(Beginning of GIVEN DATA)

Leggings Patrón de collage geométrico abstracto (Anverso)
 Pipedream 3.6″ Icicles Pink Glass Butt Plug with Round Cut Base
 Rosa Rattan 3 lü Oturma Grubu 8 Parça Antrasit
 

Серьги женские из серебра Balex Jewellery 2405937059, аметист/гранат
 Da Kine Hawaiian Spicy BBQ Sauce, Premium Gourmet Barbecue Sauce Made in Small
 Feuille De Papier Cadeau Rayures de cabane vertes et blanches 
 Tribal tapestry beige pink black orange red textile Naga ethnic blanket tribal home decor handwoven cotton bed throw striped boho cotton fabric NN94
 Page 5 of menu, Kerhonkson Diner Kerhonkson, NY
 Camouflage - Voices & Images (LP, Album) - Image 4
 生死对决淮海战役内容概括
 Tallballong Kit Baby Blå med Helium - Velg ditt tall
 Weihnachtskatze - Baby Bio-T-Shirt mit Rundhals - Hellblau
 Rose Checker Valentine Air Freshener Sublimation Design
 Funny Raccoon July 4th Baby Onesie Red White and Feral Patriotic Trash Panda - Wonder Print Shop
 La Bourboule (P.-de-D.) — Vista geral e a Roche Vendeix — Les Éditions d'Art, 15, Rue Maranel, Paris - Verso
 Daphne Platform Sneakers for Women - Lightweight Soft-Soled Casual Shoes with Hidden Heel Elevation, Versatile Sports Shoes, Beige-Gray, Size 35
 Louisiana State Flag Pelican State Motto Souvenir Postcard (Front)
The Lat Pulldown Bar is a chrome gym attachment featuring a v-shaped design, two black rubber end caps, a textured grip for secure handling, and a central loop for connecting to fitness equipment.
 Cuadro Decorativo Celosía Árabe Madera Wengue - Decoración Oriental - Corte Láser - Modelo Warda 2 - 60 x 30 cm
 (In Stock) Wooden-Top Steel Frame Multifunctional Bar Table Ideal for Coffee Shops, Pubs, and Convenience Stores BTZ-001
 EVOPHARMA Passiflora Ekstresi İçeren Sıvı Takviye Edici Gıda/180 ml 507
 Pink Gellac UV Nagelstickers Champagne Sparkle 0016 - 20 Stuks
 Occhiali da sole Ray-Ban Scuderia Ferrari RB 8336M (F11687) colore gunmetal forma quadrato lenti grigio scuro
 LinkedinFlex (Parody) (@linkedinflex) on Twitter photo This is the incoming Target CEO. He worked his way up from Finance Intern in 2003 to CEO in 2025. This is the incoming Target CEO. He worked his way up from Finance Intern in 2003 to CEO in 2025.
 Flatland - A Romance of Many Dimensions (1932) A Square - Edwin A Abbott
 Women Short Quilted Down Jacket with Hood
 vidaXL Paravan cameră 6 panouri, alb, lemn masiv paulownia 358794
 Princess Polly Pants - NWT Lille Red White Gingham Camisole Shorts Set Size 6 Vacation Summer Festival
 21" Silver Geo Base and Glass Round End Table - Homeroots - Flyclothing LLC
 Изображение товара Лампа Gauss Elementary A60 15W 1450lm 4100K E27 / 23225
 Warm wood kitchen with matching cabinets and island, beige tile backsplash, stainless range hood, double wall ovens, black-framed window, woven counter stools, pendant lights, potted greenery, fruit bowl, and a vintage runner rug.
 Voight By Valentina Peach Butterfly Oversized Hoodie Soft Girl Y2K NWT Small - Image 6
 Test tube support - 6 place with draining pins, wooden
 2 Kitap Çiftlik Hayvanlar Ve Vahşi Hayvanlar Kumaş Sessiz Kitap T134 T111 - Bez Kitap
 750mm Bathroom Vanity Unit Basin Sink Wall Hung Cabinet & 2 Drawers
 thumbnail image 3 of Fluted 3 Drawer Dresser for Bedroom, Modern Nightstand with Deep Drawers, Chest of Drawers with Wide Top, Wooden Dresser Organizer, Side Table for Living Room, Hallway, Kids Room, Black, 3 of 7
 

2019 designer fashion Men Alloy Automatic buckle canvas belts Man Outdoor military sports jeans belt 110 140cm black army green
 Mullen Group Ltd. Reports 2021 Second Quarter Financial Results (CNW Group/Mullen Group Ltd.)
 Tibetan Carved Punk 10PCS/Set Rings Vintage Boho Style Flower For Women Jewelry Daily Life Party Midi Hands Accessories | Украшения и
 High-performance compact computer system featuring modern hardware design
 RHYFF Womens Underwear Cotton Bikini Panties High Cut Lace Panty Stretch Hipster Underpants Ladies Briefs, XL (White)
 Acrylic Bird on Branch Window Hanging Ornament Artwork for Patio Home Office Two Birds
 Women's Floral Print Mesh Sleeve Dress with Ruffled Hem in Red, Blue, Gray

(End of GIVEN DATA)

→ TRY IT:
Each entry must be reproduced exactly, with nothing added or dropped.

→ SOLUTION BELOW:
Leggings Patrón de collage geométrico abstracto (Anverso)
 Pipedream 3.6″ Icicles Pink Glass Butt Plug with Round Cut Base
 Rosa Rattan 3 lü Oturma Grubu 8 Parça Antrasit
 

Серьги женские из серебра Balex Jewellery 2405937059, аметист/гранат
 Da Kine Hawaiian Spicy BBQ Sauce, Premium Gourmet Barbecue Sauce Made in Small
 Feuille De Papier Cadeau Rayures de cabane vertes et blanches 
 Tribal tapestry beige pink black orange red textile Naga ethnic blanket tribal home decor handwoven cotton bed throw striped boho cotton fabric NN94
 Page 5 of menu, Kerhonkson Diner Kerhonkson, NY
 Camouflage - Voices & Images (LP, Album) - Image 4
 生死对决淮海战役内容概括
 Tallballong Kit Baby Blå med Helium - Velg ditt tall
 Weihnachtskatze - Baby Bio-T-Shirt mit Rundhals - Hellblau
 Rose Checker Valentine Air Freshener Sublimation Design
 Funny Raccoon July 4th Baby Onesie Red White and Feral Patriotic Trash Panda - Wonder Print Shop
 La Bourboule (P.-de-D.) — Vista geral e a Roche Vendeix — Les Éditions d'Art, 15, Rue Maranel, Paris - Verso
 Daphne Platform Sneakers for Women - Lightweight Soft-Soled Casual Shoes with Hidden Heel Elevation, Versatile Sports Shoes, Beige-Gray, Size 35
 Louisiana State Flag Pelican State Motto Souvenir Postcard (Front)
The Lat Pulldown Bar is a chrome gym attachment featuring a v-shaped design, two black rubber end caps, a textured grip for secure handling, and a central loop for connecting to fitness equipment.
 Cuadro Decorativo Celosía Árabe Madera Wengue - Decoración Oriental - Corte Láser - Modelo Warda 2 - 60 x 30 cm
 (In Stock) Wooden-Top Steel Frame Multifunctional Bar Table Ideal for Coffee Shops, Pubs, and Convenience Stores BTZ-001
 EVOPHARMA Passiflora Ekstresi İçeren Sıvı Takviye Edici Gıda/180 ml 507
 Pink Gellac UV Nagelstickers Champagne Sparkle 0016 - 20 Stuks
 Occhiali da sole Ray-Ban Scuderia Ferrari RB 8336M (F11687) colore gunmetal forma quadrato lenti grigio scuro
 LinkedinFlex (Parody) (@linkedinflex) on Twitter photo This is the incoming Target CEO. He worked his way up from Finance Intern in 2003 to CEO in 2025. This is the incoming Target CEO. He worked his way up from Finance Intern in 2003 to CEO in 2025.
 Flatland - A Romance of Many Dimensions (1932) A Square - Edwin A Abbott
 Women Short Quilted Down Jacket with Hood
 vidaXL Paravan cameră 6 panouri, alb, lemn masiv paulownia 358794
 Princess Polly Pants - NWT Lille Red White Gingham Camisole Shorts Set Size 6 Vacation Summer Festival
 21" Silver Geo Base and Glass Round End Table - Homeroots - Flyclothing LLC
 Изображение товара Лампа Gauss Elementary A60 15W 1450lm 4100K E27 / 23225
 Warm wood kitchen with matching cabinets and island, beige tile backsplash, stainless range hood, double wall ovens, black-framed window, woven counter stools, pendant lights, potted greenery, fruit bowl, and a vintage runner rug.
 Voight By Valentina Peach Butterfly Oversized Hoodie Soft Girl Y2K NWT Small - Image 6
 Test tube support - 6 place with draining pins, wooden
 2 Kitap Çiftlik Hayvanlar Ve Vahşi Hayvanlar Kumaş Sessiz Kitap T134 T111 - Bez Kitap
 750mm Bathroom Vanity Unit Basin Sink Wall Hung Cabinet & 2 Drawers
 thumbnail image 3 of Fluted 3 Drawer Dresser for Bedroom, Modern Nightstand with Deep Drawers, Chest of Drawers with Wide Top, Wooden Dresser Organizer, Side Table for Living Room, Hallway, Kids Room, Black, 3 of 7
 

2019 designer fashion Men Alloy Automatic buckle canvas belts Man Outdoor military sports jeans belt 110 140cm black army green
 Mullen Group Ltd. Reports 2021 Second Quarter Financial Results (CNW Group/Mullen Group Ltd.)
 Tibetan Carved Punk 10PCS/Set Rings Vintage Boho Style Flower For Women Jewelry Daily Life Party Midi Hands Accessories | Украшения и
 High-performance compact computer system featuring modern hardware design
 RHYFF Womens Underwear Cotton Bikini Panties High Cut Lace Panty Stretch Hipster Underpants Ladies Briefs, XL (White)
 Acrylic Bird on Branch Window Hanging Ornament Artwork for Patio Home Office Two Birds
 Women's Floral Print Mesh Sleeve Dress with Ruffled Hem in Red, Blue, Gray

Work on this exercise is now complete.